Predicting drug-transporter interaction.
In the light of our contribution to the SFB35 ( we developed ligand- and structure-based models for ligands of the neurotransmitter transporters SERT, DAT, and NET as well as for the GABA transporters GAT1-4. In this project we aim at focusing on the molecular basis of ligand-transporter selectivity (both for SERT/DAT/NET and for GAT1-4) as well as to expand our studies to the L-Type amino acid transporter 1 (LAT-1). LAT-1 is a major nutrient transporter protein that is responsible for the transport of large neutral, aromatic or branched amino acids from extracellular fluids into the cells. LAT-1 plays an important role in cancer development as well as in mediating drug and nutrient delivery across the blood-brain barrier, making it a key drug target for development of novel anti-cancer agents. We will utilize an integrated approach of pharmacoinformatics and experimental validation to characterize and develop new potent ligands that inhibit LAT-1. Starting with ligand and structure based in silico approaches, the top ranked hit compounds obtained by virtual screening will be optimized by synthesizing and testing small compound libraries. All in silico models will be implemented in the Vienna Transporter Informatics Workspace. This project will be pursued in strong collaboration with the groups of Marko Mihovilovic, Gaia Novarino, and Harald Sitte.
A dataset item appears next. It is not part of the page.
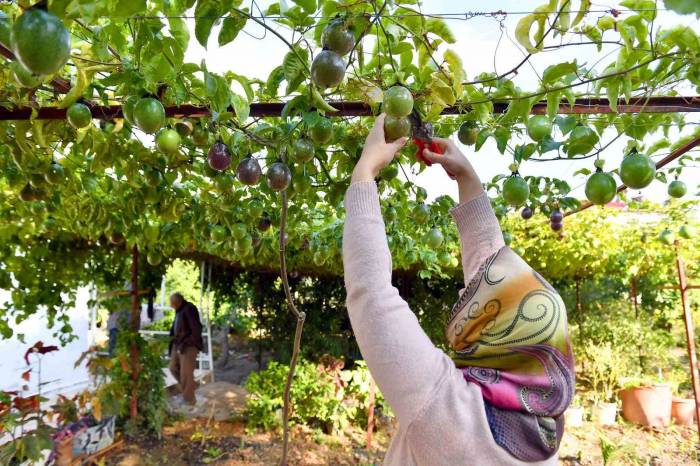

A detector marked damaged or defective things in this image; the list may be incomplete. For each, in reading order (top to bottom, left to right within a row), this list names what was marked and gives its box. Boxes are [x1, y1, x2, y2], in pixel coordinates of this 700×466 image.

rusty metal bar [1, 94, 700, 119]
rusty metal bar [568, 136, 700, 218]
rusty metal bar [672, 251, 700, 444]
The molecular basis of GABA-subtype Selectivity.
GABAA receptors constitute the major inhibitory neurotransmitter receptors in the brain. In our previous work, we established a protocol to elucidate the binding mode of benzodiazepines, proposed a new modulatory binding site on the α+/β- interface of GABAA receptors, and performed SAR and QSAR studies on a set of piperine analogs. The very recent X-ray structure of a GABAA receptor will allow to extend these studies on a set of new homology models. Furthermore, the labs of Mihovilovic and Maulide will synthesize new compound series (pyrazoloindolones, valerenic acid analogs), with new scaffolds, which will enlarge the chemical space of the ligands available for in silico model building and complement the large compound collection available in the Ernst lab. Specifically this thesis topic will focus on the selectivity profiling of selected compound series on GABAA receptor subtypes. The molecular basis of subtype selectivity will be elaborated by combining ligand-and structure-based design studies following our experimental data guided docking protocol. Briefly, SAR- and QSAR-studies will identify small sets of compounds which show distinct activity cliffs. Those will be used for docking into homology models, followed by common scaffold clustering and pose evaluation. Final binding hypotheses will be validated by synthesis of new compounds and/or studies of diagnostic mutations. This project will be pursued in strong collaboration with the groups of Margot Ernst, Marko Mihovilovic, and Steffen Hering.